Each of these samples was then vectorized to 500-dimensional vectors, according to their top 500 word frequencies. These samples were then reduced to five dimensions using principal component analysis (PCA). Five dimensions were used here, instead of the usual two, since a cross-validated grid search in a previous study determined this value to be the most effective at clustering documents according to voice and style. This study also introduces two new metrics for stylistic difference. First, the “distinctiveness score” of a novel sample is calculated by determining the distance of the vector from the mean in five-dimensional space, using the Pythogorean theorem. A late novel that shows a high distinctiveness score, therefore, could correctly be called an instance of “late style.”

Second, I introduce a metric representing the “periodicity” of the writer’s style. This is calculated by first inferring pri­or category labels of early, middle, and late using publication years. Then, the novel’s reduced vectors are clustered using a Baysian Gaussian mixture model, which probabilistically infers three or fewer clusters. These assignments are finally compared using a mutual information score, which calculates the similarity of these clusters with the prior inferences, regardless of label. A high periodicity score indicates that a novelist exhibits distinct stylistic periods, whereas a low score indicates that a novelist has a relatively unchanging or unpredictable stylistic progression.

Figure 1: Thomas Mann

Figure 1 shows a projection of the first two dimensions of the vectors generated from Thomas Mann novels. The sizes of the points represent their relative publication years: small circles are early works, and large circles are late works. The colors represent the clusters predicted from the Bayesian Gaussian mixture model. The samples with the highest distinctiveness scores are from his first work Der Kleine Herr Friedemann and his early work Tristan. The samples showing the least distinctiveness, are from Doktor Faustus, the very work Said cites as an example of a distinctive late style.

Figure 2: Marcel Proust

Figure 2 shows the same projection for samples from the works of Marcel Proust. Proust’s first work, Du côté du chez Swann, is the most distinctive. Proust’s last published work, Le temps retrouvé, which Said cites as an example of late style, is in fact very non-distinctive. Proust’s middle works, however, La prisonnière and Albertine disparue, are only intermediary with respect to publication dates, since they were the final novels he wrote. Here, Said is somewhat correct that Proust has a late style, but misidentifies the works that exemplify it. Again, however, Proust’s early style shows a stronger signal than his late.

Figure 3: Charles Dickens

Figure 3 shows vectors generated from Charles Dickens novels. Here again, the early work The Pickwick Papers has the highest distinctiveness score, followed by David Copperfield. Late works like Our Mutual Friend are among the least distinctive. As the alignment of the point colors and sizes here suggests, Dickens shows a strong periodicity. At 0.469, his is the second-highest periodicity score.

AuthorPeriodicity Score
Proust0.023
Meredith0.028
Ward0.166
Cather0.177
Conrad0.177
Bennett0.220
Hemingway0.326
Scott0.360
Mann0.367
Genet0.457
Dickens0.469
James0.472

Table 1

Table 1 shows the periodicity scores of all the novelists studied here.
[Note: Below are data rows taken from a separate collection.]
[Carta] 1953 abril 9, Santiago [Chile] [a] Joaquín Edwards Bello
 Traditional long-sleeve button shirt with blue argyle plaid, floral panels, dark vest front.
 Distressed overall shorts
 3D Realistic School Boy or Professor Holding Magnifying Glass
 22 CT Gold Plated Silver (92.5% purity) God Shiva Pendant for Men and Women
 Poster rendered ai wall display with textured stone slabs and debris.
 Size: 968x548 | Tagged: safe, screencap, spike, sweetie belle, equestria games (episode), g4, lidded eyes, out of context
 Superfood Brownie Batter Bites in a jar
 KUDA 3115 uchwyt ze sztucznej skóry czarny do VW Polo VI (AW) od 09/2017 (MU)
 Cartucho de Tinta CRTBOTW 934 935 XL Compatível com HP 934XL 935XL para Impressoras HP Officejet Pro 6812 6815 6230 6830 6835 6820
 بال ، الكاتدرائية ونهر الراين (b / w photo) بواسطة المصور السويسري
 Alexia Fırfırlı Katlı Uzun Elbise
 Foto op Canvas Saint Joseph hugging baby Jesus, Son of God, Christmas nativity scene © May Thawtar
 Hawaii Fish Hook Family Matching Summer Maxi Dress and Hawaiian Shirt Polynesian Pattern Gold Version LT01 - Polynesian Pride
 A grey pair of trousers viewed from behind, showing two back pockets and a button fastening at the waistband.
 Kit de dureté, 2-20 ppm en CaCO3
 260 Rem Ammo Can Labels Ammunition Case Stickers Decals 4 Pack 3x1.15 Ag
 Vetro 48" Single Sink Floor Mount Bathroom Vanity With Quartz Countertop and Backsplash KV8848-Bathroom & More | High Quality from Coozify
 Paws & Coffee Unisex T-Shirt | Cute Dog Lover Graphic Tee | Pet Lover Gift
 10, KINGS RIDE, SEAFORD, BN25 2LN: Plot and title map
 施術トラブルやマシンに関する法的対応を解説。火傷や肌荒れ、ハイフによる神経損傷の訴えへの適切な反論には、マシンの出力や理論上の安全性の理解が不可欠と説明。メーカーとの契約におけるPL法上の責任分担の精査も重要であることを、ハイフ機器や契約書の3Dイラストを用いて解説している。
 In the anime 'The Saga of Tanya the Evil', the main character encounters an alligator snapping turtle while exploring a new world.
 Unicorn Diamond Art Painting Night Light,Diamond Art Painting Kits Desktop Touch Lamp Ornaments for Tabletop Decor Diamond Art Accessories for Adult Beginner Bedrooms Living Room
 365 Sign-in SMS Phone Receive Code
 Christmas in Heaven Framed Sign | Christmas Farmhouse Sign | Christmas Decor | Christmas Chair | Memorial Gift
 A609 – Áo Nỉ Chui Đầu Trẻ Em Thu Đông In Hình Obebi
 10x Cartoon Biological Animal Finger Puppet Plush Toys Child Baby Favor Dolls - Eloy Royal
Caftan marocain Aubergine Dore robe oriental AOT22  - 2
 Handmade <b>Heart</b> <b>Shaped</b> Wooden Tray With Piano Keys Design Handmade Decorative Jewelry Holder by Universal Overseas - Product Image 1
Those novelists with well-known early and late styles, such as James and Dickens, have high periodicity scores. Writers like Proust, on the other hand, whose novels all form part of the series À la recherche du temps perdu, and were all published within about a decade, show the lowest periodicity scores.

This study, beyond simply testing and ultimately disproving the claims of Said and Adorno, provides a framework for stylometric analysis of textual difference, one which could be used to enhance authorship detection techniques and the techniques of forensic text analysis more generally. More experiments are needed, of course, to test the validity of these techniques beyond the domain of literature.


Appendix A

Bibliography
  1. Adorno, T. (2002). Late Style in Beethoven. In: Essays on Music. Berkeley: University of California Press, 2002. pp. 564–568.
  2. Said, E. (2006). On Late Style: Music and Literature Against the Grain. New York: Pantheon Books.